Yes, it’s a minimal hack, and normally we don’t condone the misuse of public facilities, even ones as obnoxious as LinkNYC appears to be. But it does make a statement about the commercialization of the public square, and honestly, we’re glad to see something that at least approaches phreaking again. It’s a little less childish than blasting porn audio from a Target PA system, and far less dangerous than activating a public safety siren remotely.

23 thoughts on “Manhattan Mystery Of Creepy Jingles And Random Noises Solved

    1. When designed as a purpose built system utilizing embedded windows, updates are not necessary. I have equipment at work that is top of the line for the industry and they run XP Embedded that has been unchanged for 6 years. The Windows based software used to dump data, configurations, and programs does get updated routinely, but the machine itself dos not.

      1. yes, but these things are not well designed, they are contracted by the city government from the lowest bidder and intended for open public network use while being fed advertisements constantly… I cant see any crack in that impenetrable shell

        1. I agree with the bug holding a hammer. What I’m getting at is that there are rampant rumors floating around that anytime someone uses one of those pests to charge their phones they will get clobbered with phone attracting malware. And that because the first several hundred of those were already contaminated with the stuff. It seems these left the remote access functions enabled.

          1. “phone attracting malware”

            What is that? It sounds AWESOME! I am imagining some poor schmuck being accosted by a flock of flying feral cellphones after having plugged his own into the bright shiny box.

      2. Somehow I’m not convinced that embedded windows devices have such flawless security as to never need an update to patch some sort of zero day that wasn’t known at the time of release. That’s hilariously absurd.

  1. Am i missing something? Its not really a hack or phreaking as he has a conference call that is playing the music and just dials in to that number to play the music out loud. If you squint really hard I guess the ability to turn the music up may be a bit of a hack but really is just taking advantage of what is possibly a built in feature.

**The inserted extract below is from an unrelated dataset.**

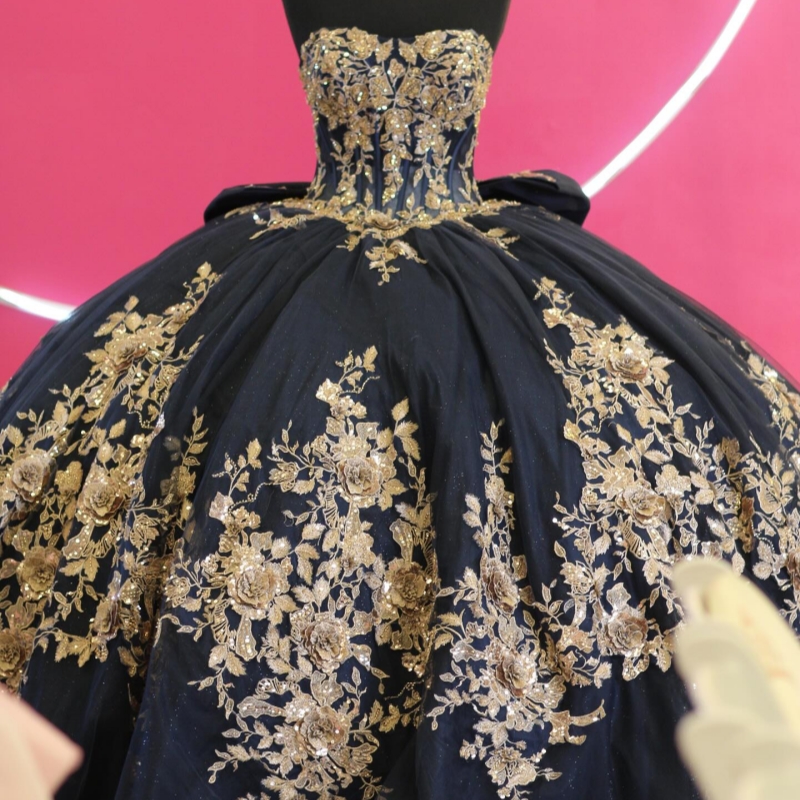Black Quinceanera Dresses Ball Gown Off The Shoulder Applique Flower Beads Bow Corset Tull Party Birthday Sweet 16 Dress Vestidos 15 De Anos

    1. It was ready to consider it a hack because the UI seems to drop out of “phone mode” while the call is still running, which is why nobody found out how it worked. But he has to walk up to each and every of these things on his own every time, which makes it pretty lame.

  2. So, lemme get this straight. Using a device as it was intended to be used is vandalism? The fact you invoked “White privilege” seems to me that you’re nothing more than a Professional Victim, and probably a horrible person to associate with. Begone

  3. Wow! NYC has giant cellphone kiosks?!?

    I am thinking of just how hard it is to get my wife to acknowledge that I have her on speaker before she says something she shouldn’t announce to the room. These things sound aweful! I think I would be tempted to mess with them if they existed in my neighborhood too!

    “normally we don’t condone the misuse of public facilities, even ones as obnoxious as LinkNYC appears to be”

    That’s fine HaD. You take the safe route if you wish. I condone it. I really really condone it. I wish anyone misusing these things all the luck in the world! LMAO, worst idea ever!